CHARLESTON, W.Va. -- A bill sponsored by Sen. Joe Manchin, D-W.Va., would severely harm efforts to develop and deploy technology to capture greenhouse gas pollution from coal-fired power plants, a congressional subcommittee was told Thursday.
Manchin has joined with Rep. Ed Whitfield, R-Ky., on a bill that would block the Obama administration's current plans to issue he first-ever limits on carbon dioxide emissions from power plants as part of broader effort to curb climate change.
On Thursday, House Republicans scheduled a hearing to promote the Manchin-Whitfield proposal and to repeat their concerns that the U.S. Environmental Protection Agency is wrongly targeting the coal industry.
Testifying before a House Energy and Commerce subcommittee, Manchin complained that EPA "is holding the coal industry to impossible standards" and that utilities are "still a ways off" from developing carbon capture and storage technology, or CCS.

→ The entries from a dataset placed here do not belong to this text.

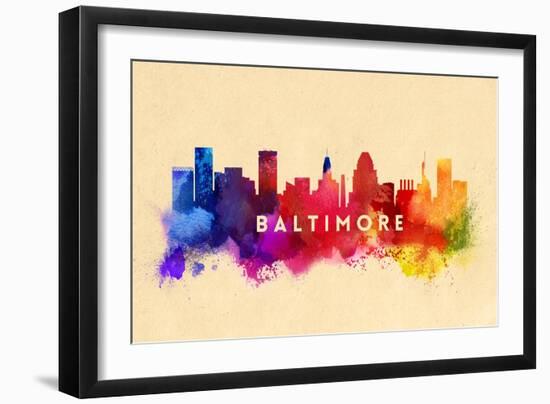 Baltimore, Maryland - Skyline Abstract-Lantern Press-Framed Art Print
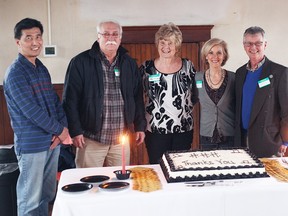 The Hensall Heritage Hall Society held an event with food and refreshments March 30 for the After 5 Business Appreciation Night. Roughly 85 businesses were recognized. In the middle is the chair of HHHS, Kay Wise.(Shaun Gregory/Huron Expositor)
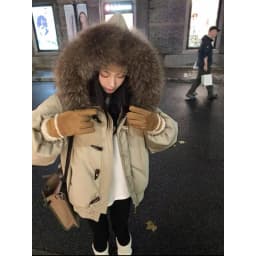 YYAHAHAS 2025 Winter New Cow Horn Button Thick Cotton Coat Retro American Warm Fur Collar Hooded Jacket Female Clothing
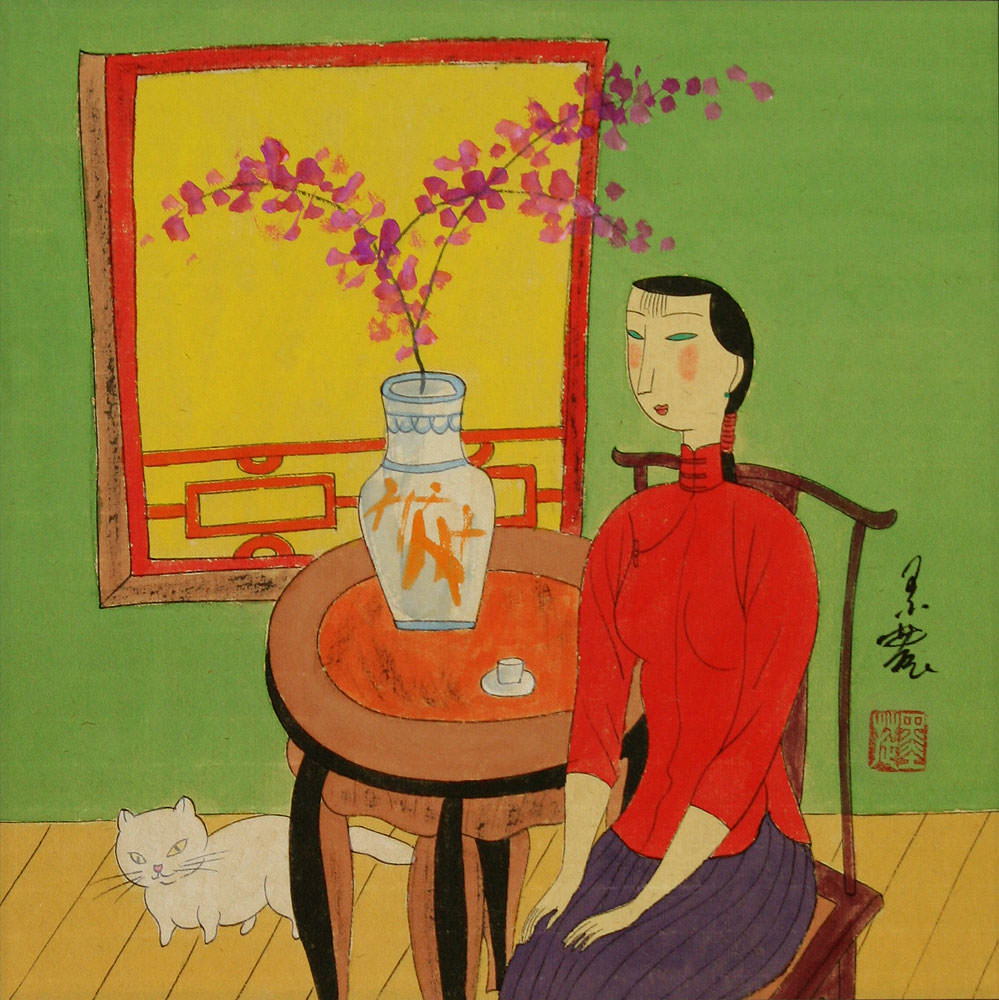 Woman and Cat - Chinese Modern Art Painting
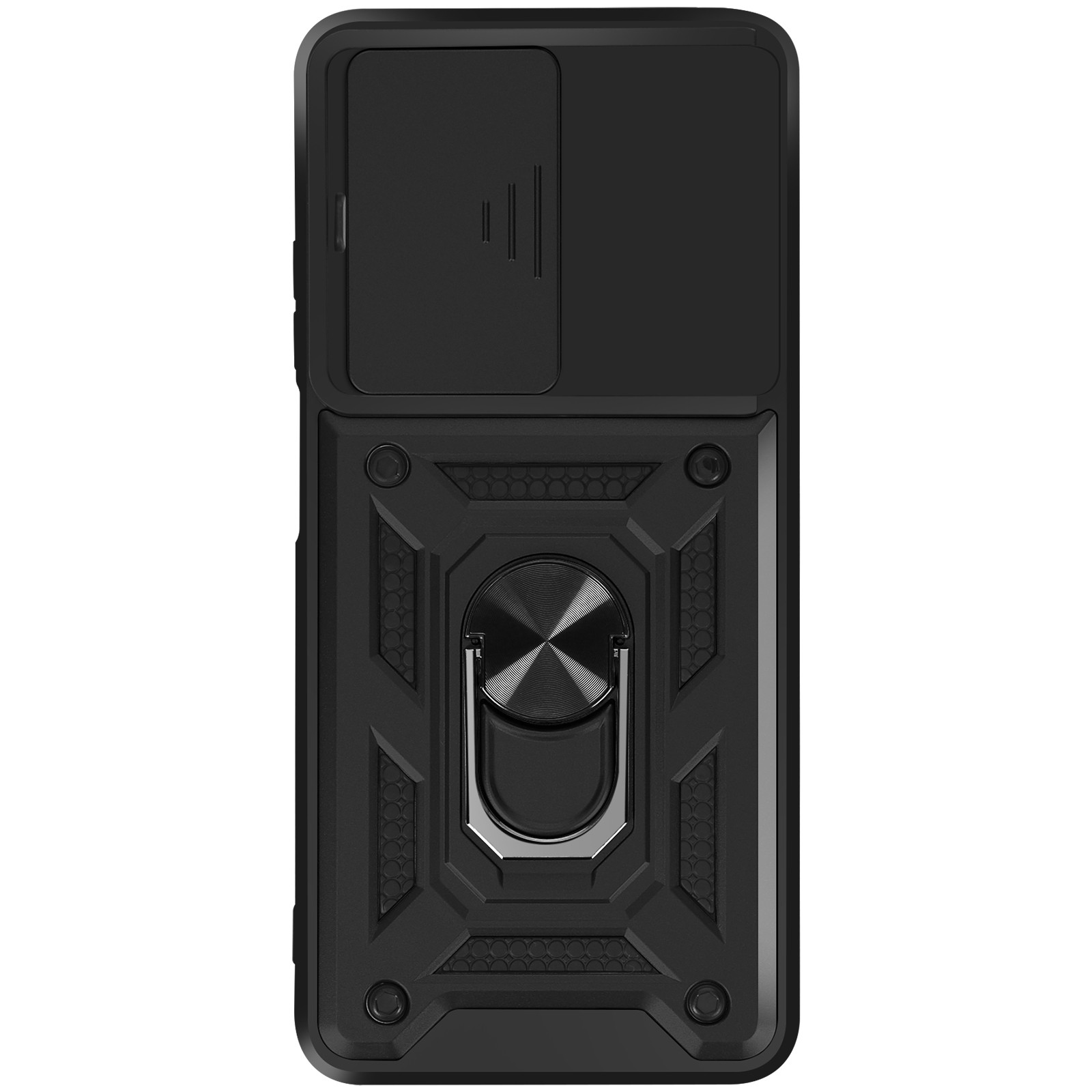 Housse Oppo A5 Antichoc Avizar avec Coque de Protection à Anneau Support Noir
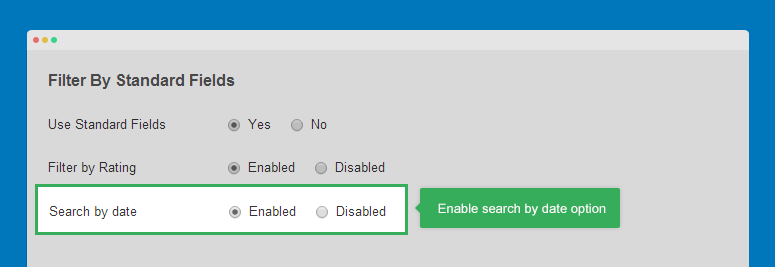 Enable search by date field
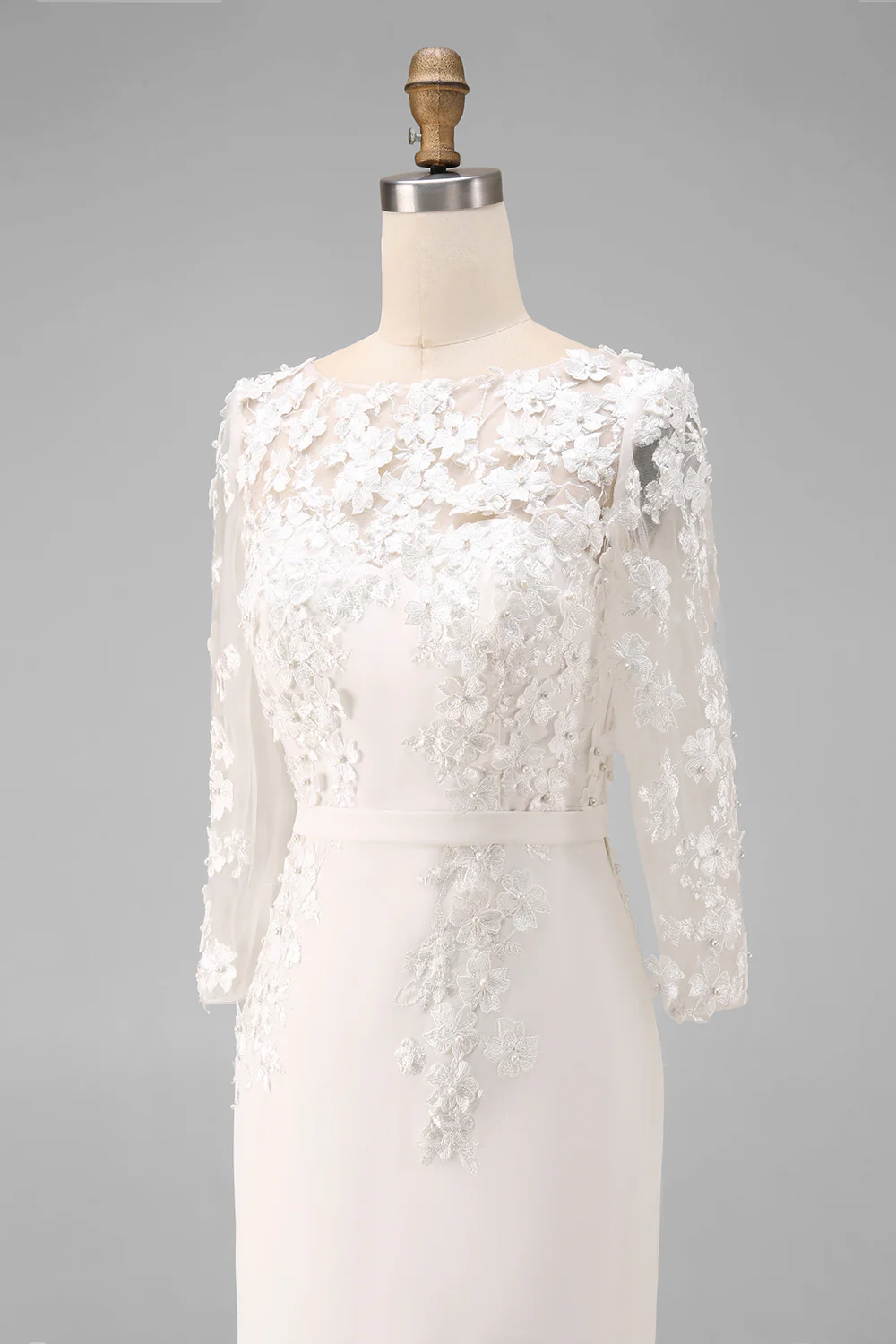 Light Blue Bateau Neck Bodycon Appliqued Midi Mother of the Bride Dress with 3/4 Sleeves - Image 27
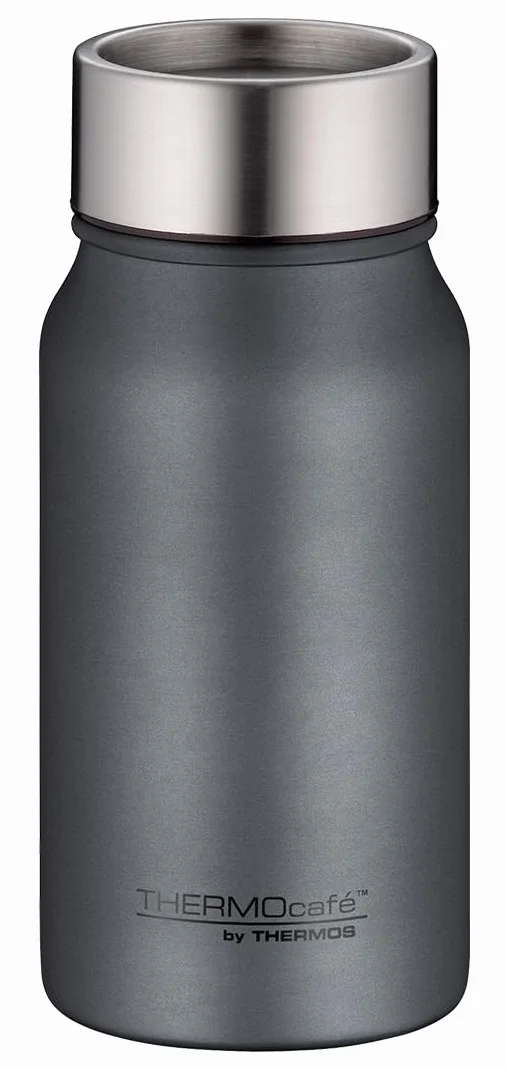 THERMOcafé by THERMOS TC Drinking Mug Grey mat 0,35 l, kubek termiczny ze stali nierdzewnej, kubek termiczny, kubek do kawy na wynos, szczelny, 8 godzin gorący i zimny przez 16 godzin, nadaje się do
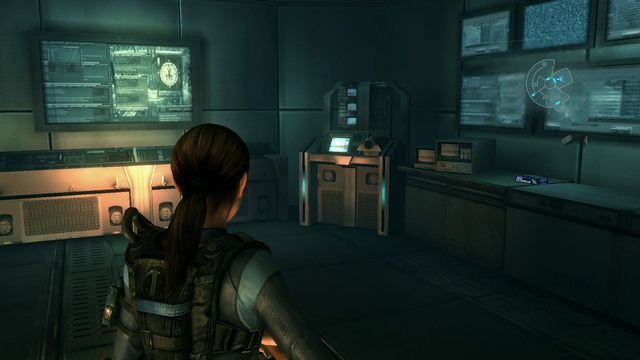 A bit further you find a room with vaccine machine, laboratory map and lasers switch - No Exit - part II - Episode 9 - Resident Evil: Revelations - Game Guide and Walkthrough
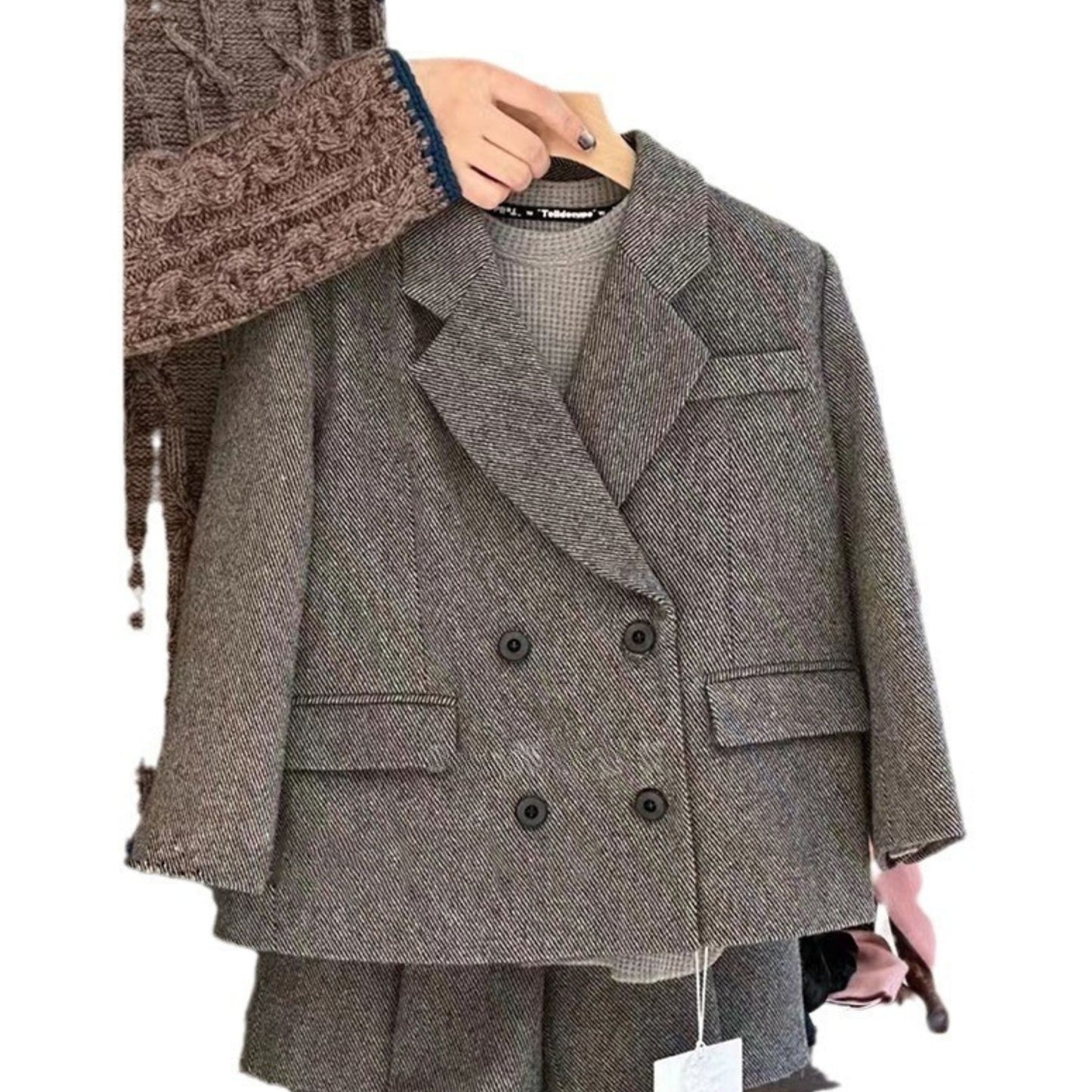 ensemble-fille-short-veste-laine-gris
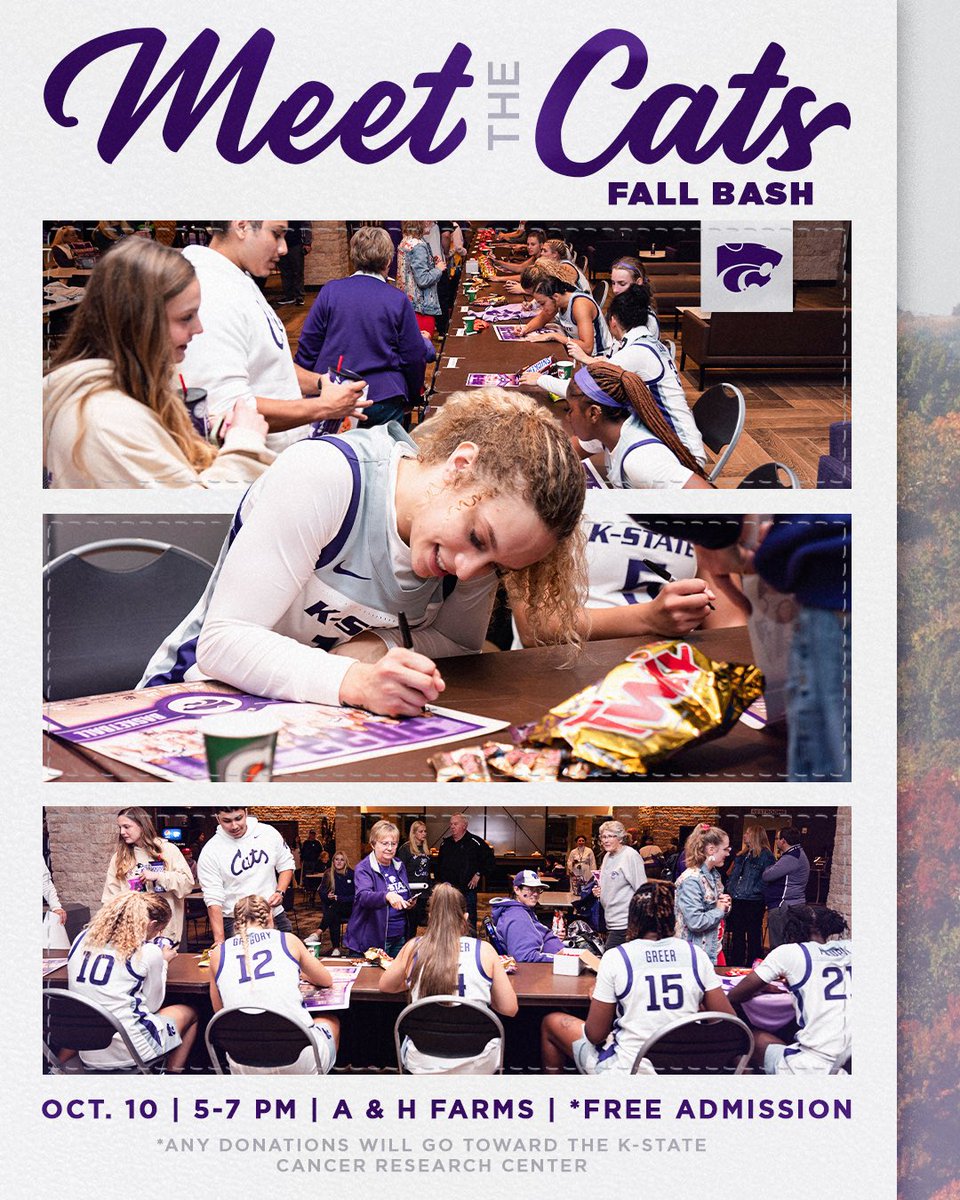 Elisabeth Brown (@bballbrown) on Twitter photo Youβre invited to the <a href="/KStateWBB/">K-State Women's Basketball</a> Fall Bash at A&H Farms! Enjoy all things Fall while hanging out with your favorite Cats.
1st 100 kiddos get free π Youβre invited to the <a href="/KStateWBB/">K-State Women's Basketball</a> Fall Bash at A&H Farms! Enjoy all things Fall while hanging out with your favorite Cats.
1st 100 kiddos get free π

But other witnesses at the hearing said that concrete rules like those proposed by EPA would actually help the coal industry, and that Manchin's plan to delay the agency would do more harm than good for mining communities.
Susan Tierney, an energy and economics consultant with the Boston-based Analysis Group, told lawmakers that the EPA rules "will help to clarify the rules of the road" for both coal and natural gas.
"Having clear rules and policy stability will help support a positive investment environment at a time when new generating capacity and investor support for billions in financing will be needed in many parts of the country," Tierney testified.
David Hawkins, director of climate programs for the Natural Resources Defense Council, said that the legislation "would not improve the lot of coal producers or communities in coal country."
"Rather, it would destroy power sector interest in deploying carbon capture and storage systems - the one technology that could provide a pathway for more sustainable use of coal," Hawkins said in his testimony.
For years, scientists have been urging major cuts in emissions of carbon dioxide and other greenhouse gases to avoid the worst impacts of rising global temperatures.